Will Bax, Grosvenor’s Director of Placemaking, tells us about his vision for the London estate

Q: What do you think the independent brands within the estate’s various retail spaces add to Mayfair and Belgravia?

A: Independent retailers are an important point of difference for us, and make the experience of shopping in those streets more unique than anywhere else in London. But there is another agenda with regards to how we choose the retailers that come to the estate. Run and Become, the running shoe specialist on Eccleston Street, is a good example of that: a fairly niche retailer with an interesting philosophy. Its founders want to have an impact on the neighbourhood in which they operate, and that opens up the potential for us to have a more collaborative relationship with the business.

We already have this kind of relationship with Daylesford on Pimlico Road. This year we built a parklet outside its premises for the community to enjoy. It was a fun project, slightly whimsical perhaps, but it says a lot about Daylesford’s commitment to the area and the vision its owners share with Grosvenor. These are the kind of retailers we love working with, because there’s more there than just a business proposition.

Q: How intrinsic is technology to Grosvenor’s placemaking strategy?

A: Digital is enhancing the experience of places in a way that it never has before, but there is also a much deeper customer proposition to be delivered through the smart use of new technologies. We’re looking at how we can empower Mayfair and Belgravia digitally, so they become the best-performing areas in London in terms of connectivity.

For example, we would like super-fast broadband to be a standard feature for all of our buildings. We want our public spaces to be Wi-Fi-enabled, so people can work inside and outside. We also want to work with our retailers to ensure they are maximising digital opportunities. And we are looking to ensure that the way we communicate with our customers, and what we offer them in terms of technology, makes their relationship with us as easy as it can be.

Finally, we’re aiming to use technology to provide us with the information we need to make important strategic decisions. For example, tracking the way people move around the estate on foot, air quality, or the energy performance of particular buildings. If you can access this kind of information, you can start making changes that improve occupiers’ and visitors’ experiences.

Q: How did you come to work for Grosvenor?
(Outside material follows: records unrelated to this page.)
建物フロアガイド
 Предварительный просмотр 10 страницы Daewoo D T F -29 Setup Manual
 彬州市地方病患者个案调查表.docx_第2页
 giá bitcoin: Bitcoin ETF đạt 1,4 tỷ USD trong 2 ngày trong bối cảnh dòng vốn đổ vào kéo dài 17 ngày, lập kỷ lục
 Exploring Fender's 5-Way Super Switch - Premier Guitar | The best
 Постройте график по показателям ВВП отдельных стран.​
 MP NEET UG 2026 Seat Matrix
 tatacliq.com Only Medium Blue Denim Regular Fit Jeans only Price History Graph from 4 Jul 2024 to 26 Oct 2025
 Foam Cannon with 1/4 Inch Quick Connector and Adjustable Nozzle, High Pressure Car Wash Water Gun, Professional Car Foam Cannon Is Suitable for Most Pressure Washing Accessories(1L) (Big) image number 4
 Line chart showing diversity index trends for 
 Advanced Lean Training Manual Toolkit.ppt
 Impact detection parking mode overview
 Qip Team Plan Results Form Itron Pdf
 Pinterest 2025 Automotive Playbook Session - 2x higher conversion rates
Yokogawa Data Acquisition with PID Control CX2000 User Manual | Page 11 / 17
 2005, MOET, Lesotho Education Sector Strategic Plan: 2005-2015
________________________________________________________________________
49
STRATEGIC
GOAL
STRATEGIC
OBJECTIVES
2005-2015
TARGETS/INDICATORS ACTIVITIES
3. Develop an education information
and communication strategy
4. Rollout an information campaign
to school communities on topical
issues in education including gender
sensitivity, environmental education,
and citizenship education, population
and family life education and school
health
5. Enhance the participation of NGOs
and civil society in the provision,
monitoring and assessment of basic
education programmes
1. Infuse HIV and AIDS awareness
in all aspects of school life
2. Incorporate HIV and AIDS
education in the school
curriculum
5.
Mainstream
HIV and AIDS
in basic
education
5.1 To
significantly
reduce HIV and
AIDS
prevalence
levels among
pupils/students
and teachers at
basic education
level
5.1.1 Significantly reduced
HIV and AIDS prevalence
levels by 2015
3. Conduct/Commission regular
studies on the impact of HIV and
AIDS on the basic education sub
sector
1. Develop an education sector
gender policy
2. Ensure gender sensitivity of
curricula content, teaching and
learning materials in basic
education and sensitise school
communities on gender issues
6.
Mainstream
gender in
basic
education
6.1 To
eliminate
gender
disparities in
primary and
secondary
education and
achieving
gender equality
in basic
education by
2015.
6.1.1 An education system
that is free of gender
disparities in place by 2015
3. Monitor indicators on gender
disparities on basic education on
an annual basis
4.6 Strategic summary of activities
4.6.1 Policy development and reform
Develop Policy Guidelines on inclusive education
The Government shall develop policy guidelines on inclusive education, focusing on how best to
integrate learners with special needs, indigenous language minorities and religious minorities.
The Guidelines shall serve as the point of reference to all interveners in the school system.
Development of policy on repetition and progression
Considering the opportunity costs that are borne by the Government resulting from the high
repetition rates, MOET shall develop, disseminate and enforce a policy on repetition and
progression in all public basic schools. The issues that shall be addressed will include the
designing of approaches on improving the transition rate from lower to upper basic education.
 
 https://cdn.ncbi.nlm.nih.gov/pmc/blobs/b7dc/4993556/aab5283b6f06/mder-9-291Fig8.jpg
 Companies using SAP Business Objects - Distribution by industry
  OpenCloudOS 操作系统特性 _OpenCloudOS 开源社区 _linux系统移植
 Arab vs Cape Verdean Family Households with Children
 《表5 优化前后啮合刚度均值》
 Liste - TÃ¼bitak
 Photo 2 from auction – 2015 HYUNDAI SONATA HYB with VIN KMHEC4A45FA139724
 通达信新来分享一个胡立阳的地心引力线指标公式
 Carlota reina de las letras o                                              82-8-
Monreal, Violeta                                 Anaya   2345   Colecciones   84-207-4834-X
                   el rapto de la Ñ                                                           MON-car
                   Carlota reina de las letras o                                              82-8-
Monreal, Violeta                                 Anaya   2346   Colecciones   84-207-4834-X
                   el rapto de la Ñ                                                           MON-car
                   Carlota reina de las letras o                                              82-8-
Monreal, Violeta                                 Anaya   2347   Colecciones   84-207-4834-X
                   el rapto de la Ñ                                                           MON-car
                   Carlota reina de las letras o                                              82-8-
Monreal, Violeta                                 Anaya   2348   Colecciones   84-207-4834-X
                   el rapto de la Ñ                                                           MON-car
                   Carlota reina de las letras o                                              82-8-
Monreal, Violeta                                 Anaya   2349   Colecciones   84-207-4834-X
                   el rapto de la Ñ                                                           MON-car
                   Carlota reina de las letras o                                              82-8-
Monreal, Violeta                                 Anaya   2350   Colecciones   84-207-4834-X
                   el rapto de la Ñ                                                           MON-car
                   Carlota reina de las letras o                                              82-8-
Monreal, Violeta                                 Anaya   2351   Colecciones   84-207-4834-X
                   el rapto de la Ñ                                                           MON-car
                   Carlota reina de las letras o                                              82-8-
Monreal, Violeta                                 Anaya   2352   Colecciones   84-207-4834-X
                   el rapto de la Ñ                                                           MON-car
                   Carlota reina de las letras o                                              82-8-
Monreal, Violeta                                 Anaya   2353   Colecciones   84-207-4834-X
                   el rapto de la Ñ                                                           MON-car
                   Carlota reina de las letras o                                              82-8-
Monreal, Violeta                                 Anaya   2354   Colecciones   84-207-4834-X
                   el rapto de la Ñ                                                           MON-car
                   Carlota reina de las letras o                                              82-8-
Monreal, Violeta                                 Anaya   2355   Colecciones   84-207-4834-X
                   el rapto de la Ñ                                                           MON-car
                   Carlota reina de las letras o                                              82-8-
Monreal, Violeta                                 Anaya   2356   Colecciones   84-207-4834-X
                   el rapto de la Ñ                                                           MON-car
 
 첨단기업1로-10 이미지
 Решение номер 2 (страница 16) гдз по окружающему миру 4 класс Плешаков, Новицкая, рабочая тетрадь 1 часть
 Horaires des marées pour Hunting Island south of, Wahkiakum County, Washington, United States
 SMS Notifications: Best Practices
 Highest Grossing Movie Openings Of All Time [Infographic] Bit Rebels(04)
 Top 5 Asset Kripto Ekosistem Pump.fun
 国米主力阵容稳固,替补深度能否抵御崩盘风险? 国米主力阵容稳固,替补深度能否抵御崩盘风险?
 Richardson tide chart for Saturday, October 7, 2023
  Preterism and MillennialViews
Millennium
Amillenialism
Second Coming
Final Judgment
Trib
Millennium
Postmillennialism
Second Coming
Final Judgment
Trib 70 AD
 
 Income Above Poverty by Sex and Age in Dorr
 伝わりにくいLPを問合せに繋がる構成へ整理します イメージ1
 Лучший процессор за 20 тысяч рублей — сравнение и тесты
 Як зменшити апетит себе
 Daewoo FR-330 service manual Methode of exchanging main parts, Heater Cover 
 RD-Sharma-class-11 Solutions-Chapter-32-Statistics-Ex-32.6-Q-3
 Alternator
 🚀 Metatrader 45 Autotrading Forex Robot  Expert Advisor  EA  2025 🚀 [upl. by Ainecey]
A: I came to Grosvenor as a mature graduate when I was 26. In my final year of university, I did what all my friends were doing, which was an internship with an investment bank. I came away feeling that there must be an alternative path to one so fixated on making money, regardless of the cost or consequences, and that led to me wanting to do something very different. So I went into politics and ended up working as a researcher on environment and international development issues.

At that time, the political world was greatly influenced by the famous culture of spin. The substance of policy seemed to be far less important than the way things were communicated. After a couple of years I decided I could have a more positive impact on the world working in the private sector. So I went back to university and did a master’s degree in real estate finance.

I soon came across Grosvenor, which seemed like a really interesting business that was very relevant to the world. I started out as an Investment Manager on the London estate, and later went into our fund management business, where I spent five years living in Paris. I came back to London in 2011 to manage the Mayfair estate, which I did for a couple of happy years before becoming Director of our London portfolio. When the structure of the London team changed, I assumed my current role as Director of Placemaking.

Q: What do you like to do in your spare time?

A: I have three kids, so they are my principal hobby! I have three-year-old and five-year-old daughters, and a one-year-old son. My weekends are mainly spent with them. My daughters and I recently made 15 salami together as Christmas presents for poor, unsuspecting family members. When I’m not with the kids or at work, I try to play sport, particularly cricket, although it seems I am better suited to spectating these days!